In the face of criticism, the top executive of Florida’s state-backed property insurer acknowledge his decision to close the insurer’s office in charge of corporate oversight before having its replacement in place was ill-advised.
Citizens Property Insurance Corp. executives recently decided to disband its office of corporate integrity and terminate its four employees as part of a plan to revamp the insurer’s handling of employee conduct issues and internal fraud and abuse.
Florida Governor Rick Scott, however, quickly criticized the move, noting that the insurer is still being investigated by Florida’s Chief Inspector General based on charges that executives overspent thousands of dollars on travel and related expenses and for the widespread use of corporate credit cards.
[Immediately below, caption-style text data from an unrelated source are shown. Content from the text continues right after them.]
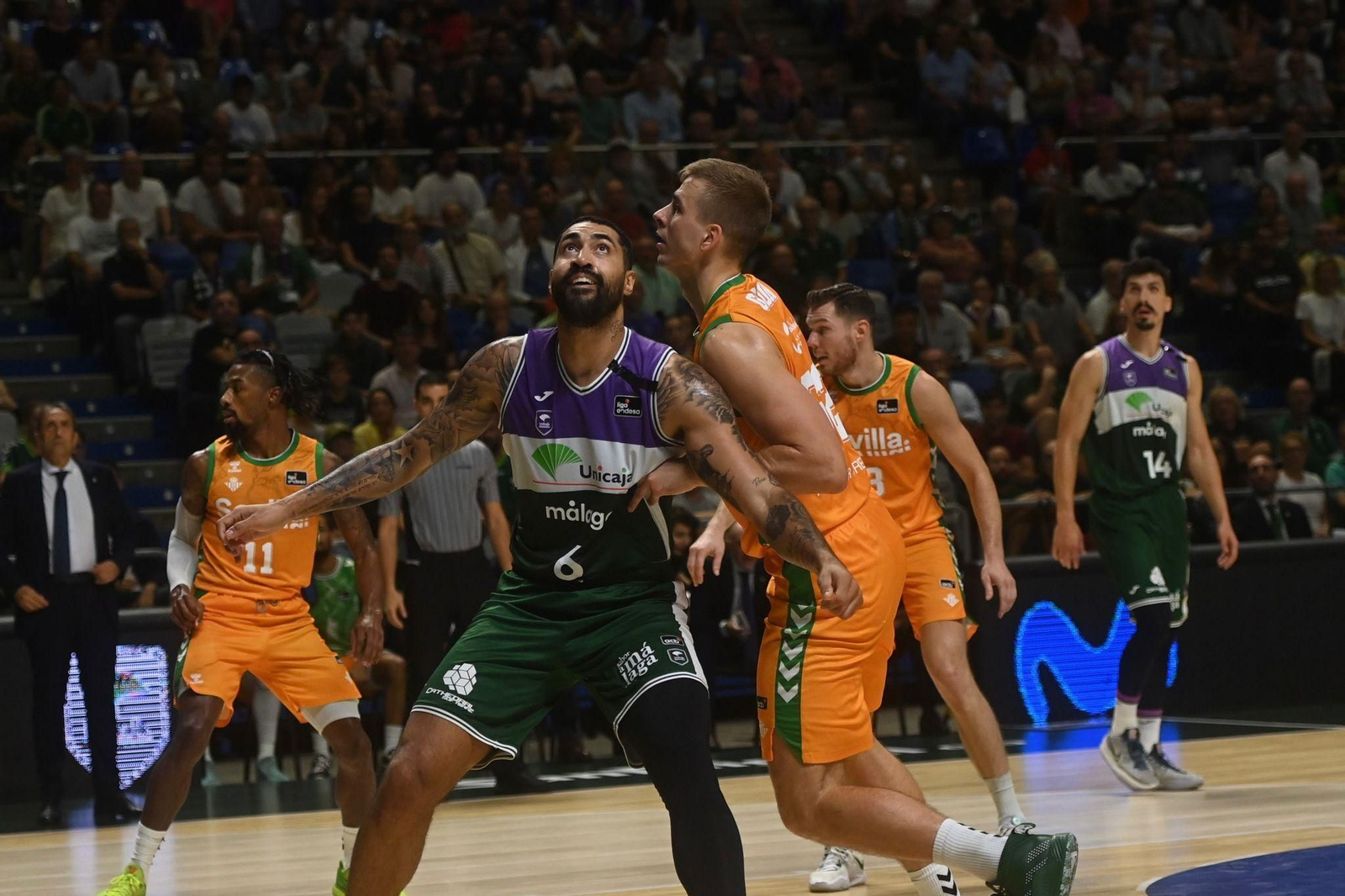 Las fotos del Unicaja - Real Betis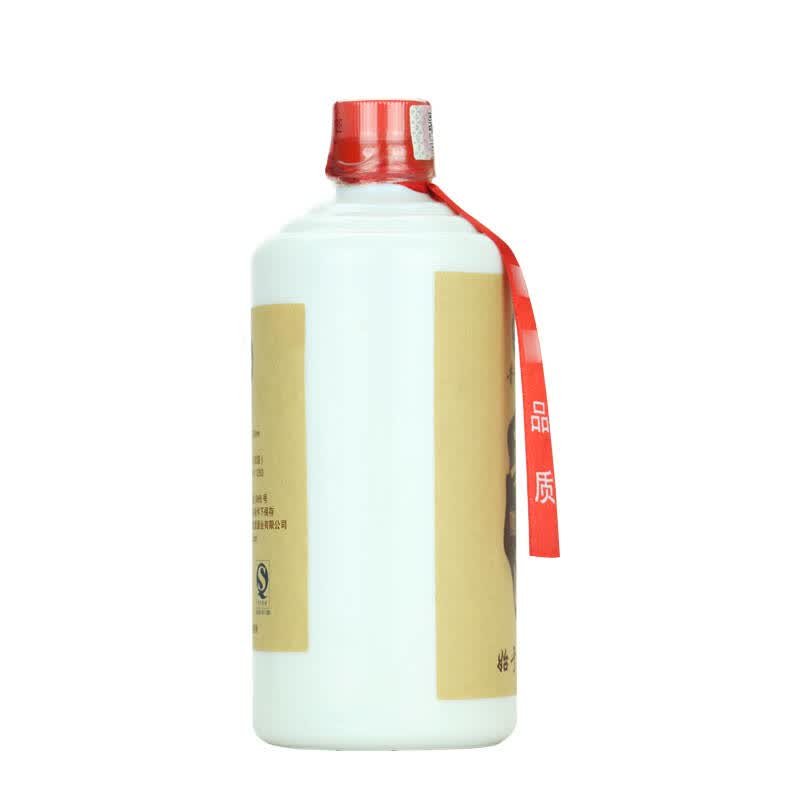 酒友 贵州茅台镇 53度高度英雄渡1568酱香型白酒 500ml窖藏老酒 6瓶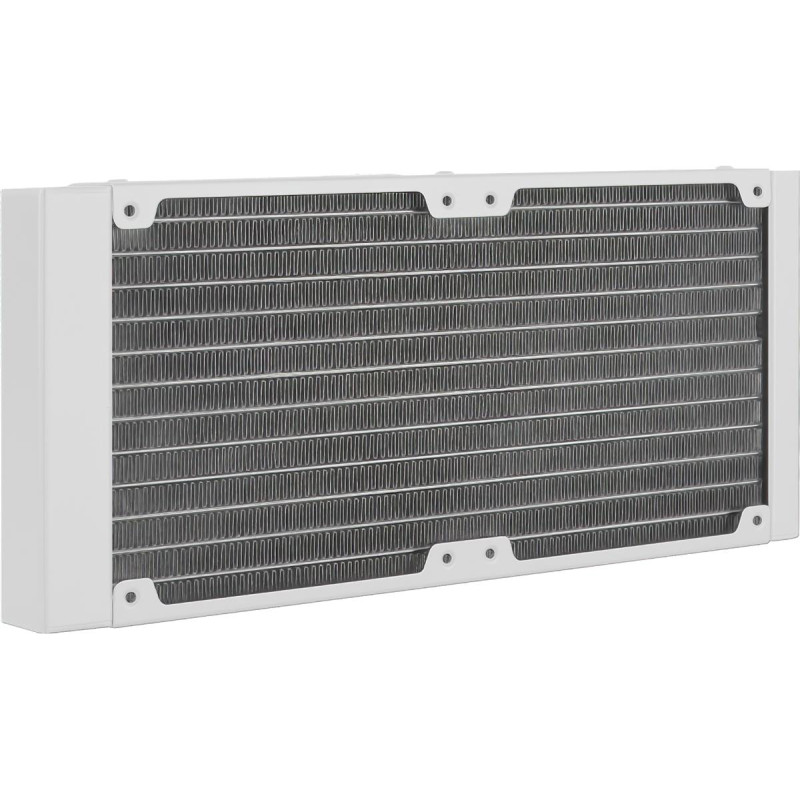 Система водяного охолодження AeroCool Oasis L240 White (ACLA-OA24117.21)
“As you know, I recently asked Florida’s Chief Inspector General to review travel expenditures to ensure that they are essential to business operations,” said Scott in a letter to Citizens President Barry Gilway. “Your decision to disband the office of corporate integrity while this investigation remains ongoing is troubling.”
Gilway said that steps have been put in place so there would be no lapse of oversight as the insurer realigns its supervision of corporate activities. However, he acknowledged that Scott’s concerns have merit.
“In retrospect, my decision on the timing of these changes, particularly given the audit that is currently underway by his Inspector General, would have been revised,” said Gilway.
Citizens has been under scrutiny for its expenses, under then President Tom Grady. Scott and other elected officials have called for an investigation into the insurer’s travel and other expenses.
Since Gilway took over, the insurer has since changed its travel expense policy and discontinued the use of corporate credit cards.
In response to the concerns of officials and as a means to improve Citizens’ overall corporate oversight, executives decided to disband the office of corporate integrity and divide its responsibilities so that employee conduct problems would be handled through its employee relations office.
To oversee corporate expenditures and investigate any incidents of fraud and abuse, the committee also called for the insurer to hire four forensic accountants who will be housed in the office internal audit.
Scott, however, said the decision to let the four employees in the office of corporate integrity go before those forensic specialists were hired was premature.
“An effective compliance system cannot be achieved without an adequate number of independent, highly trained professionals,” Scott said in a letter. “To ensure that all necessary safeguards are in place, I urge you to use greater caution with future modifications affecting internal investigations, audits and compliance.”